| Supplied information |
* * * * * * * * *

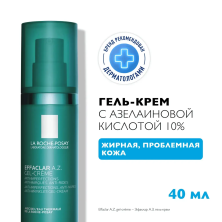 LA ROCHE-POSAY Effaclar A.Z. Гель-крем для проблемной кожи, 40 мл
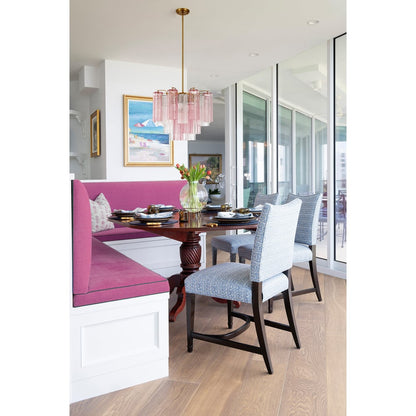Eloria Glass Chandelier - Elegant Design with Crystal Accents & Adjust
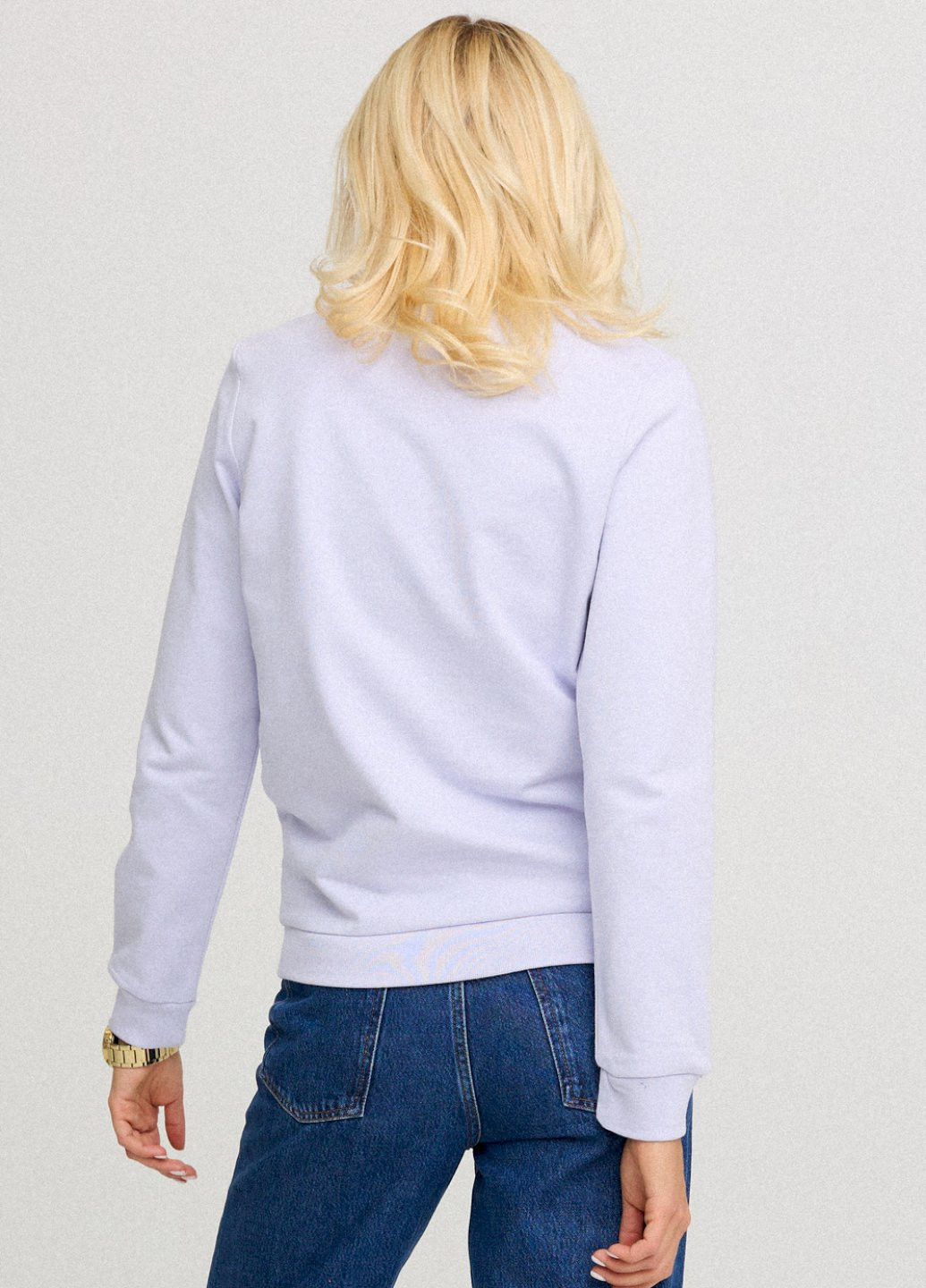 Бузковий світшот жіночий basic /no flis/ YAPPI малюнок (252259443)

* * * * * * * * *

| What to produce |
Copy all of the material word for word, and include none of its pictures.

| Response |
 LA ROCHE-POSAY Effaclar A.Z. Гель-крем для проблемной кожи, 40 мл
Eloria Glass Chandelier - Elegant Design with Crystal Accents & Adjust
 Бузковий світшот жіночий basic /no flis/ YAPPI малюнок (252259443)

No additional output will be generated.